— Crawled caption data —
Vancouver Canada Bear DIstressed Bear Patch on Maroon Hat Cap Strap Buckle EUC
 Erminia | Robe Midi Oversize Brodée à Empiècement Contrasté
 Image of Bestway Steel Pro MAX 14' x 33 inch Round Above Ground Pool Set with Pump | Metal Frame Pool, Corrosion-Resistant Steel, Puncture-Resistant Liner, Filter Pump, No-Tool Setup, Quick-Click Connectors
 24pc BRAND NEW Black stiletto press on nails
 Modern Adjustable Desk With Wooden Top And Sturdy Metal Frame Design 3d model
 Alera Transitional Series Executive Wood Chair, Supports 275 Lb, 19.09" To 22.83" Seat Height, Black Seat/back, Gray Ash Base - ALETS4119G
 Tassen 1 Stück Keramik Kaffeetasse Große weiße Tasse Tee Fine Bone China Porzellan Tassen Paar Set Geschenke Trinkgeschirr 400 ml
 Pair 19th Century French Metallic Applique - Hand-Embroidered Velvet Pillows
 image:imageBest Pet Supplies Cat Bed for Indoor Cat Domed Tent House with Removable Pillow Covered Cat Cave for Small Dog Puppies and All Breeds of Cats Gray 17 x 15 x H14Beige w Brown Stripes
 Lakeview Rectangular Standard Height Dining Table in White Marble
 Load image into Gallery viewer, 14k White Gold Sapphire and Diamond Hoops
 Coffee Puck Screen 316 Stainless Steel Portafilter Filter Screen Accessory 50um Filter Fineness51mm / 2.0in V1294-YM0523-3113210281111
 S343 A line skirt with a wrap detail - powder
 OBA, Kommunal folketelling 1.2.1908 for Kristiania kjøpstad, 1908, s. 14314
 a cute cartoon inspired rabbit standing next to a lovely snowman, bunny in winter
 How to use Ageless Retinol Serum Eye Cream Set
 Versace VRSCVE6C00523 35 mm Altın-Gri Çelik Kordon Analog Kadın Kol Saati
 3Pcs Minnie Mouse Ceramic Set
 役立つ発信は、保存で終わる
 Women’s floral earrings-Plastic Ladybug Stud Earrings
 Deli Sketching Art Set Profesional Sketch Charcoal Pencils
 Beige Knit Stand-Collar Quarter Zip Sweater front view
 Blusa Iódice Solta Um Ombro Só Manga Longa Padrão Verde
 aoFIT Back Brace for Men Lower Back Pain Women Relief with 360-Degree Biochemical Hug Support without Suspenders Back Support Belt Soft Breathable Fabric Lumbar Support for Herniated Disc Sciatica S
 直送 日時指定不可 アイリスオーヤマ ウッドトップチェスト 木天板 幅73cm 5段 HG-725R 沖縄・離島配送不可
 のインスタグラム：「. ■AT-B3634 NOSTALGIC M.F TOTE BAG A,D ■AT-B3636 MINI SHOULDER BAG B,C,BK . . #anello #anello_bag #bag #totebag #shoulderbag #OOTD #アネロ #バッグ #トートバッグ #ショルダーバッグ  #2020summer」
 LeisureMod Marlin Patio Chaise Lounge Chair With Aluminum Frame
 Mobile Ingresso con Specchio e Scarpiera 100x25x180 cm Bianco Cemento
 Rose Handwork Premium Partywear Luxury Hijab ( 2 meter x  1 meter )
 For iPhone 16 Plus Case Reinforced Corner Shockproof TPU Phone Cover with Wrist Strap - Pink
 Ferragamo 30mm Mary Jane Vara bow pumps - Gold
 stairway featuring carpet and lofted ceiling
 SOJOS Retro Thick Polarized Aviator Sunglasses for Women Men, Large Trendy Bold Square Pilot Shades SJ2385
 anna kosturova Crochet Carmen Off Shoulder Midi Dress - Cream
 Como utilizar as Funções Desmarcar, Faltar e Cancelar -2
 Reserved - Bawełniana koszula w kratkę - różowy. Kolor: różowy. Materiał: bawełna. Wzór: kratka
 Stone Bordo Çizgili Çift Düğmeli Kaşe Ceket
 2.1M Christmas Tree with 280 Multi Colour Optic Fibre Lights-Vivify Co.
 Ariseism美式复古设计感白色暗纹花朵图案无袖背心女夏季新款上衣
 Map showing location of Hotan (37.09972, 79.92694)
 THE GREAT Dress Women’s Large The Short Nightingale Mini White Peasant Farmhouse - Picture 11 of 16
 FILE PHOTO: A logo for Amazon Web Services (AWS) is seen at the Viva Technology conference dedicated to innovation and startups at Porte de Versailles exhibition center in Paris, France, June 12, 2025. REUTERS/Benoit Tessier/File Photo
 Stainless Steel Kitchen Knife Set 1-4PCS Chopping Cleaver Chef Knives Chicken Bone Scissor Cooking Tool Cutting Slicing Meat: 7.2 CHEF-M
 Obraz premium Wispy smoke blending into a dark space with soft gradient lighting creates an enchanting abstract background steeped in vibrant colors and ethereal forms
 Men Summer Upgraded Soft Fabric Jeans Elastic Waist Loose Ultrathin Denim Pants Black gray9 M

— Exercise instructions —
From the first line of the data above to the line holding "Lakeview Rectangular Standard", reproduce each line exactly; emit no other lines.

— Answer to the exercise —
Vancouver Canada Bear DIstressed Bear Patch on Maroon Hat Cap Strap Buckle EUC
 Erminia | Robe Midi Oversize Brodée à Empiècement Contrasté
 Image of Bestway Steel Pro MAX 14' x 33 inch Round Above Ground Pool Set with Pump | Metal Frame Pool, Corrosion-Resistant Steel, Puncture-Resistant Liner, Filter Pump, No-Tool Setup, Quick-Click Connectors
 24pc BRAND NEW Black stiletto press on nails
 Modern Adjustable Desk With Wooden Top And Sturdy Metal Frame Design 3d model
 Alera Transitional Series Executive Wood Chair, Supports 275 Lb, 19.09" To 22.83" Seat Height, Black Seat/back, Gray Ash Base - ALETS4119G
 Tassen 1 Stück Keramik Kaffeetasse Große weiße Tasse Tee Fine Bone China Porzellan Tassen Paar Set Geschenke Trinkgeschirr 400 ml
 Pair 19th Century French Metallic Applique - Hand-Embroidered Velvet Pillows
 image:imageBest Pet Supplies Cat Bed for Indoor Cat Domed Tent House with Removable Pillow Covered Cat Cave for Small Dog Puppies and All Breeds of Cats Gray 17 x 15 x H14Beige w Brown Stripes
 Lakeview Rectangular Standard Height Dining Table in White Marble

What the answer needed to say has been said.